Z Jerzym po raz pierwszy spotkałem się 21 czerwca 1969 roku. Był to dzień, kiedy zostałem współtowarzyszem pracy jako jego zastępca. Przybył do Szczytna w drugiej połowie lat 60. z Lidzbarka Warmińskiego obejmując stanowisko przewodniczącego Prezydium Powiatowej Rady Narodowej (obecnie starosta).

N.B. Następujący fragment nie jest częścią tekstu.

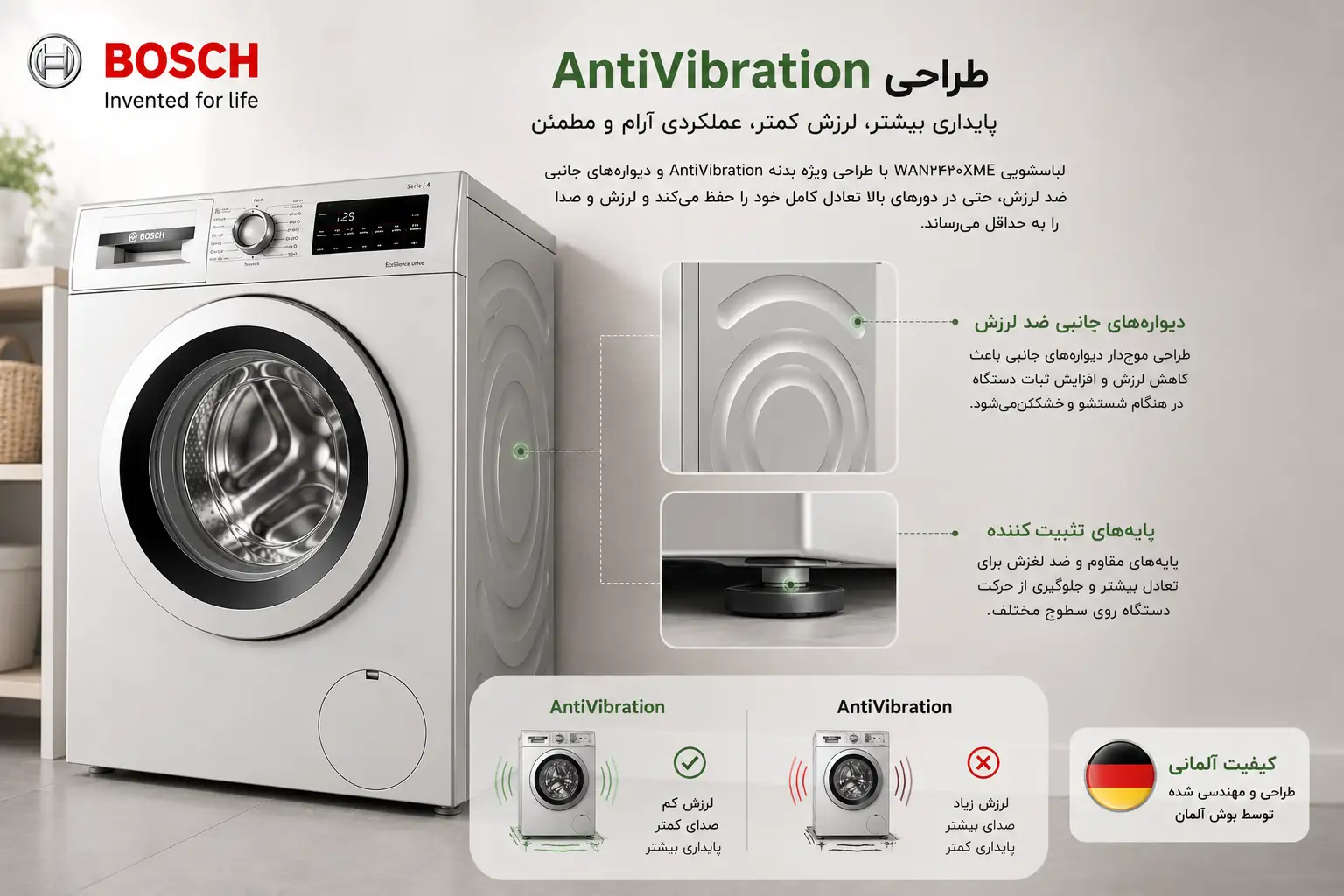 بدنه ضد لرزش لباسشویی بوش WAN2420XME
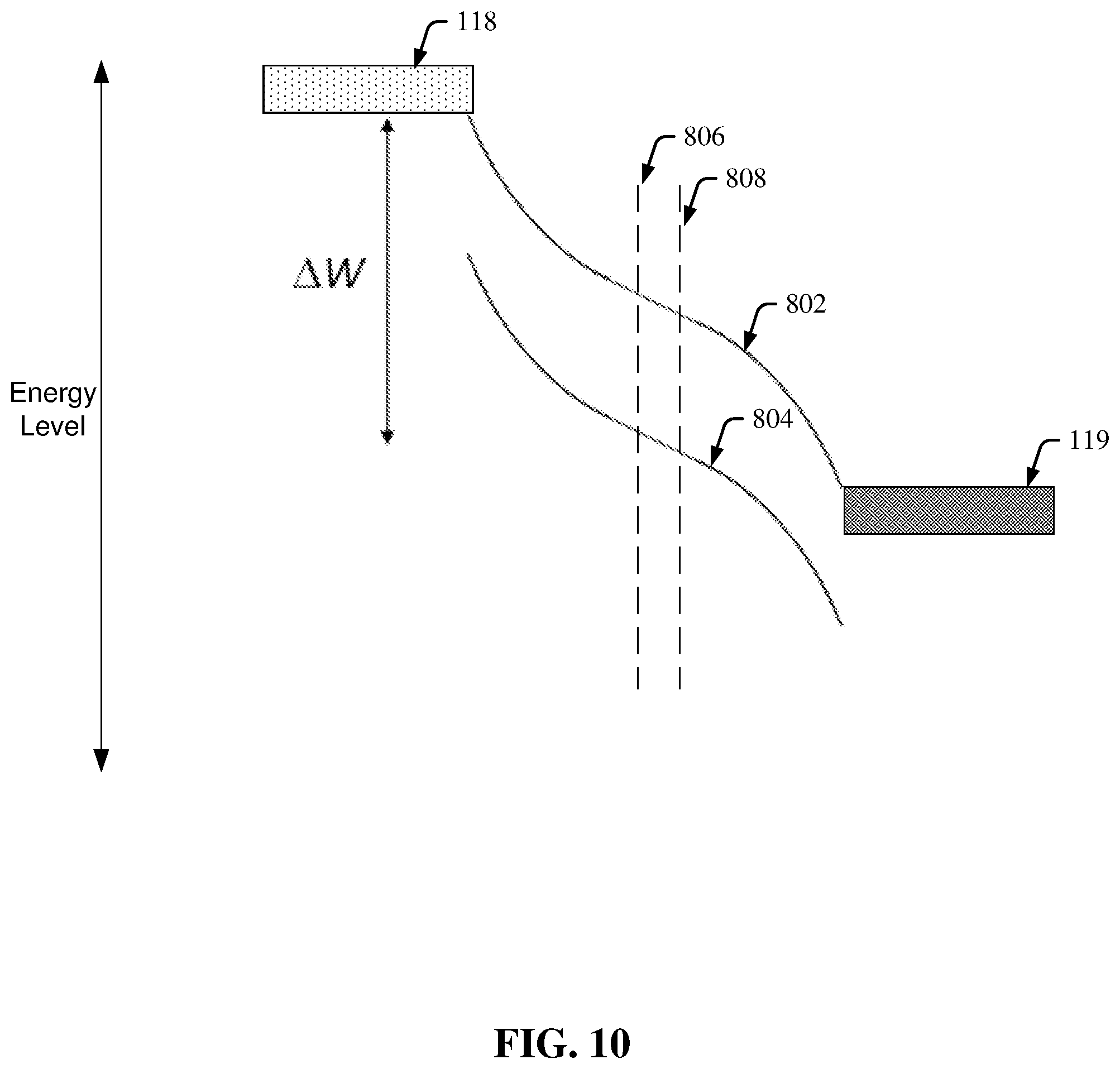 Patent US12332538 Figure 10 – Dual-superconductor quantum transducer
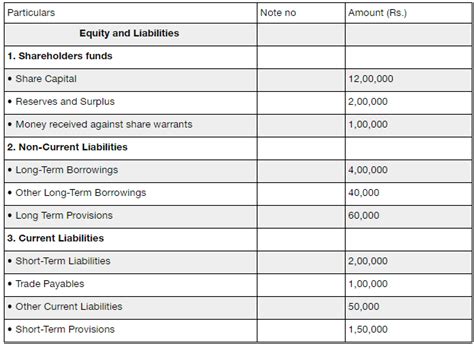 Debt To Equity Ratio | Formula, Examples, Ideal Value | Video Review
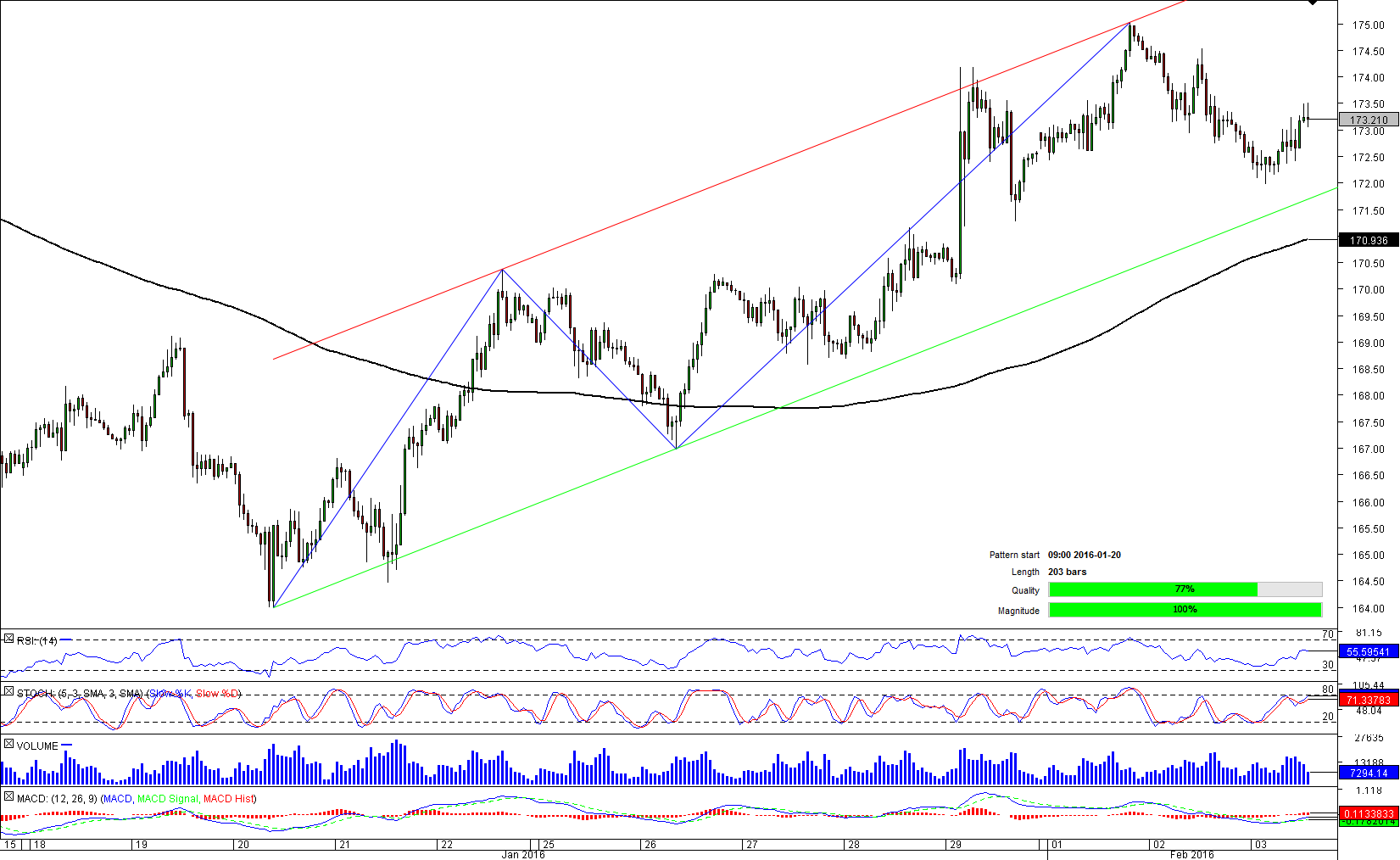 Market News and Research  Dukascopy Bank SA  Swiss Forex Bank  ECN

Dopiero wchodziłem do grona elit politycznych i gospodarczych Powiatu, nie miałem większego doświadczenia w istniejącej rzeczywistości politycznej i gospodarczej. Po pierwszej rozmowie z Jerzym Grelewskim byłem przeświadczony, że zyskałem nie szefa, a partnera, który będzie mi sprzyjał i wspierał w realizacji zadań w stosunkach politycznych i gospodarczych, które w tym czasie stawały się wyraźnie trudne i napięte.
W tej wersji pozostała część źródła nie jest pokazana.